NEW YORK -- Chuck Lorre -- whose trio of hits includes Two and a Half Men, The Big Bang Theory and Mike & Molly -- isn't just a towering comedy mogul.
He's also one of the most widely distributed writers in the world. His tart, often darkly funny dispatches reach a weekly audience of more than 30 million.
Granted, the number of people who actually read these tiny treatises is another question. Each of Lorre's posts appears on-screen for a single fleeting second at the end of his shows, in the form of so-called "vanity cards" -- a graphic ID for the show's production company.
The "Chuck Lorre Productions" vanity card has been an outlet for Lorre's random observations since 1997, when alert viewers of the ABC sitcom Dharma & Greg began noticing fine print on the screen which, by freeze-framing their VCR, they could dwell on long enough to read.
Among Lorre's propositions on Vanity Card No. 1: "I believe that the Laws of Karma do not apply to show business, where good things happen to bad people on a fairly regular basis" and "I believe that when ABC reads this, I'm gonna be in biiiig trouble."
As the years passed, Lorre kept issuing a fresh card for every episode of each show with his latest reflections, revelations and rants.
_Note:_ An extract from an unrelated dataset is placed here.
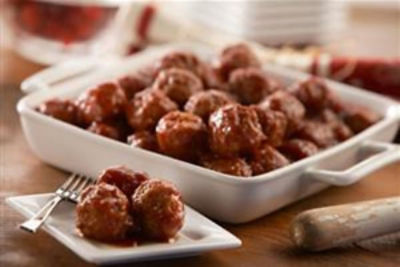 Cranberry Chili Meatballs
On one, he listed "words that confused the CBS censor" (a frequent object of his ire). Among them: kumquat, manhole, cunctation and Dick Butkus.
On another, he recalled a long-ago encounter with a 16-year-old guitar prodigy named Pat Metheny. It was a reality check that led to his eventually ditching his music career to "find work in television. Nobody's a prodigy there."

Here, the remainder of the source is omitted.